Well, I just ordered my Vitamin D kit from Vitamin Council (ZRT) to check my levels. (I'm also going to check my 4-year-old's levels again as he has been getting D3 supplementation over the winter.)

I may be back with my results as I may have some questions for you mamas







I surely hope I'm not deficient!!


----------



## PatrickSvejzi (Apr 30, 2012)

Vitamin D-3 is a form of fat soluble vitamin which can be naturally found in most food products, including egg yolk, milk products, fish-oil, along with other greens. Considering your system can also make it just after contact with natural light, it's also generally known as sun vitamin. Inside the all round body system operation, vitamin d-3 is necessary for having regular quantities of calcium mineral and phosphorus inside of the bloodstream. It improves calcium mineral intake through bone tissues and the teeth, therefore selling the bone and teeth's health.
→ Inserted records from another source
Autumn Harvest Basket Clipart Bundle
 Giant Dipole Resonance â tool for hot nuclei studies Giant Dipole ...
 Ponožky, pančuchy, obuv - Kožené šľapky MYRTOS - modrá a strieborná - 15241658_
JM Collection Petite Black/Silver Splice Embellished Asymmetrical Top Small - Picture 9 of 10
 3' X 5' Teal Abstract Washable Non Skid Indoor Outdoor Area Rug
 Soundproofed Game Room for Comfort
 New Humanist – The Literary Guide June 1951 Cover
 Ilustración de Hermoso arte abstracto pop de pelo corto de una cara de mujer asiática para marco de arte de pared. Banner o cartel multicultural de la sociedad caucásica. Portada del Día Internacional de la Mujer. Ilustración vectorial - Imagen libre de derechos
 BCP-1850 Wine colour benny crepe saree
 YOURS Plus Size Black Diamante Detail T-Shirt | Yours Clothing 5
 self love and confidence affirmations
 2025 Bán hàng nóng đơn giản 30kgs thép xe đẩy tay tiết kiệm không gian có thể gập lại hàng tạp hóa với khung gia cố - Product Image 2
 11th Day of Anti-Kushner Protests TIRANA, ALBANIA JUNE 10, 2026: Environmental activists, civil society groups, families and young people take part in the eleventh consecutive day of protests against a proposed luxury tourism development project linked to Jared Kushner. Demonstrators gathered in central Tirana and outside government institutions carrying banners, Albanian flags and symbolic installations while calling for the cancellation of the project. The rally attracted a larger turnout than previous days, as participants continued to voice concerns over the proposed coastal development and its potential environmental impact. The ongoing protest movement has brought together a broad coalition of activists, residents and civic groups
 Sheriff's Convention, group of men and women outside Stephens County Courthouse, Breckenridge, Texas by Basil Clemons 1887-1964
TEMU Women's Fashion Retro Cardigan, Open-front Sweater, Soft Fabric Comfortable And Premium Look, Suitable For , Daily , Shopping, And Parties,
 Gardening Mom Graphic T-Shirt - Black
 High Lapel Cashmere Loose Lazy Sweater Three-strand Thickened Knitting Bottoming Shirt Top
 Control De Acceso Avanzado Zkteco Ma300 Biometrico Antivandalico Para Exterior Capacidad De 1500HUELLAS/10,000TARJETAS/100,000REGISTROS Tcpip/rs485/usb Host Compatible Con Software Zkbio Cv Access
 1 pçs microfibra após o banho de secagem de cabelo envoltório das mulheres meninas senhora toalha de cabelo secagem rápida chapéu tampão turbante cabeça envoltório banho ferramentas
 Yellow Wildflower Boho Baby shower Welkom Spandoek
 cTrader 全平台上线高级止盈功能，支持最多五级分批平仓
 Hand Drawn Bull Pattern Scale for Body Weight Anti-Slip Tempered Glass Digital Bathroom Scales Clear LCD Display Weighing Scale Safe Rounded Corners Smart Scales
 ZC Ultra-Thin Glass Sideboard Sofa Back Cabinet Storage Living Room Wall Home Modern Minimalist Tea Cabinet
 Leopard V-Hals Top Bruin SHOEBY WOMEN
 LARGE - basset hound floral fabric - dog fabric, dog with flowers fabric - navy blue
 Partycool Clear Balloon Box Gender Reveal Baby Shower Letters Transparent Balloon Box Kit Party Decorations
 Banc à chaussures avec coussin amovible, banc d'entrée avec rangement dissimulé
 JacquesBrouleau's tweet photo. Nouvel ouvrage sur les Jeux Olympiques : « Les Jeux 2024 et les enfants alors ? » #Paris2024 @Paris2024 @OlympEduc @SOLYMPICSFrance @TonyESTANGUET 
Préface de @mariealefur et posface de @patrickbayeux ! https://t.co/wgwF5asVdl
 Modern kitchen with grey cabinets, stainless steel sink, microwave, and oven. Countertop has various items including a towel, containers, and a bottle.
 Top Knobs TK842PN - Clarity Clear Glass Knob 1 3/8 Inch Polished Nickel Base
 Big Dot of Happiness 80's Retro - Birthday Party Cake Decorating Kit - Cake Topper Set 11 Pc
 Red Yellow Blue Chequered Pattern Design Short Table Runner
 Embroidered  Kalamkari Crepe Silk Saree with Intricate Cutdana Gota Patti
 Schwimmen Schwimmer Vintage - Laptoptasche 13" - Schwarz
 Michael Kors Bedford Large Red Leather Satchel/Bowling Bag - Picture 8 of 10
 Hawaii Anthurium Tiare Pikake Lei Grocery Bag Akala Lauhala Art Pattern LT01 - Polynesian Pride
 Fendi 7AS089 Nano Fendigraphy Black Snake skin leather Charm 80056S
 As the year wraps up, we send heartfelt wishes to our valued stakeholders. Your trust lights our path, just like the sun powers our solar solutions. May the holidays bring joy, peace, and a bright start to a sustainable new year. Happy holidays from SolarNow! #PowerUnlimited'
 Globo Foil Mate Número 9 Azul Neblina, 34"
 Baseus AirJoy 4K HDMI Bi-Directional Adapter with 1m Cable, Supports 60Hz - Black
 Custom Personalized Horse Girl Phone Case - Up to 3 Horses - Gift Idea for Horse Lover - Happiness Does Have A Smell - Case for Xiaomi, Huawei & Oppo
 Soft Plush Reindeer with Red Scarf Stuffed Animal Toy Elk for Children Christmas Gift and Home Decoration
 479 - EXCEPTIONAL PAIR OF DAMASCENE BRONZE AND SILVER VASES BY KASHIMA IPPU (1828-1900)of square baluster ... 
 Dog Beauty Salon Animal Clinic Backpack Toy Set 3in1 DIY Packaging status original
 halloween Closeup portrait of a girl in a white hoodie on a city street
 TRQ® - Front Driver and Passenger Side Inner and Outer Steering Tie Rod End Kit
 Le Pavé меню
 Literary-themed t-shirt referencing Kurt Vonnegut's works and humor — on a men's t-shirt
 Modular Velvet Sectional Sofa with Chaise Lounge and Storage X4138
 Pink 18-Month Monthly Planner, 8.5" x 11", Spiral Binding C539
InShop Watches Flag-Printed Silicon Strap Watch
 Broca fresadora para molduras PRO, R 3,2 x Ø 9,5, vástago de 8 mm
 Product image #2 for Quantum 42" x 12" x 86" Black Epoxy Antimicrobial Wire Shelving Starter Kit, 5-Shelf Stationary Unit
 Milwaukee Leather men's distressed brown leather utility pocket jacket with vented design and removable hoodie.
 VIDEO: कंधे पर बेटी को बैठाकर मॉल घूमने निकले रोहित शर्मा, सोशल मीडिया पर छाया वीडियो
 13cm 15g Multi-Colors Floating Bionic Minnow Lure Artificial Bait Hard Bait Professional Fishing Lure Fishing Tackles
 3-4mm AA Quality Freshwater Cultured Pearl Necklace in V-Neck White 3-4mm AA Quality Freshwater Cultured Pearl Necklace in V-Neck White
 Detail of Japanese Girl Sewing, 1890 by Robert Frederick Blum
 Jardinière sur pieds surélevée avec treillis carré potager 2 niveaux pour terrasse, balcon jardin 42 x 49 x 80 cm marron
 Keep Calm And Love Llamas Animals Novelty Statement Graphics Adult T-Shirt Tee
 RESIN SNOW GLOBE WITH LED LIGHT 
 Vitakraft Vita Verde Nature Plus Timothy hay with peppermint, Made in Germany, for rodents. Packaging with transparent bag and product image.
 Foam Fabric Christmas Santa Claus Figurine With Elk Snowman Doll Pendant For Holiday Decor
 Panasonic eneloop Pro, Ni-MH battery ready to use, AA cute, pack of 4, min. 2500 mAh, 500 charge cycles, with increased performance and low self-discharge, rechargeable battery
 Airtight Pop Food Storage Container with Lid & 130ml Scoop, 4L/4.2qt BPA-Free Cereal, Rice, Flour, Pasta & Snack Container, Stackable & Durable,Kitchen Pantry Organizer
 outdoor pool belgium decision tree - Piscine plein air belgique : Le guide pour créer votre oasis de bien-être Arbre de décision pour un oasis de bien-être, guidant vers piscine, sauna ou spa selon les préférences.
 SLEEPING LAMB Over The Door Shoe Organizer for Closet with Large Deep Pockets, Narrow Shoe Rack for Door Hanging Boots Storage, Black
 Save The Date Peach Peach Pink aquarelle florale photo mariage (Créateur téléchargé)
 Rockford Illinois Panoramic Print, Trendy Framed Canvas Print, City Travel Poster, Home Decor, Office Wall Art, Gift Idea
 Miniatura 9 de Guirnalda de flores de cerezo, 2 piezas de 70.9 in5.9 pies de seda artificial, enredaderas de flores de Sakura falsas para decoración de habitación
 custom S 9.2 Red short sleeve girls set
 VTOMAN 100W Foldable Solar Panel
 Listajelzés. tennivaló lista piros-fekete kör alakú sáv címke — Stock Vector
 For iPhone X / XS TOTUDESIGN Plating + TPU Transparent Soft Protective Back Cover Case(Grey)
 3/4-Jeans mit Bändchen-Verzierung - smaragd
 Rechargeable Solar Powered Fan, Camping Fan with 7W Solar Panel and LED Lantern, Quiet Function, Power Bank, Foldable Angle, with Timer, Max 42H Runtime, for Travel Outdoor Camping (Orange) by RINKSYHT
Vitamin D-3: Information and data

The epidermis, immediately after getting ultra-violet sun's rays, builds vitamin D supplements. New studies have said the the sun vitamin helps to protect your body in opposition to a number of constant disorders, for instance muscles lack of strength, high blood pressure levels, diabetic issues, depressive disorder, most cancers, weakening of bones, and various other immune system associated health conditions. Utilization of sunblocks that has sunrays defense factor of 8 or even more obstructs the ultra violet rays, thereby reducing the production of that vitamin. To learn the outcomes of vitamin d3 deficiency on health and wellness more desirable, allow us to take a brief peek at certain vitamin d3 info.


----------



## MichelleZB (Nov 1, 2011)

I do the DDrops when I remember. We live in Northern Canada so I guess it's probably best for us to get a little help...


----------



## JudiAU (Jun 29, 2008)

My ped recomends the same thing because it is the APA rec.

But are you a dark-skinned veiled woman living in Northern Canada with low light levels? Because if you are not, then I doubt you need it. Link to the research: http://kellymom.com/nutrition/vitamins/vitamin-d/ .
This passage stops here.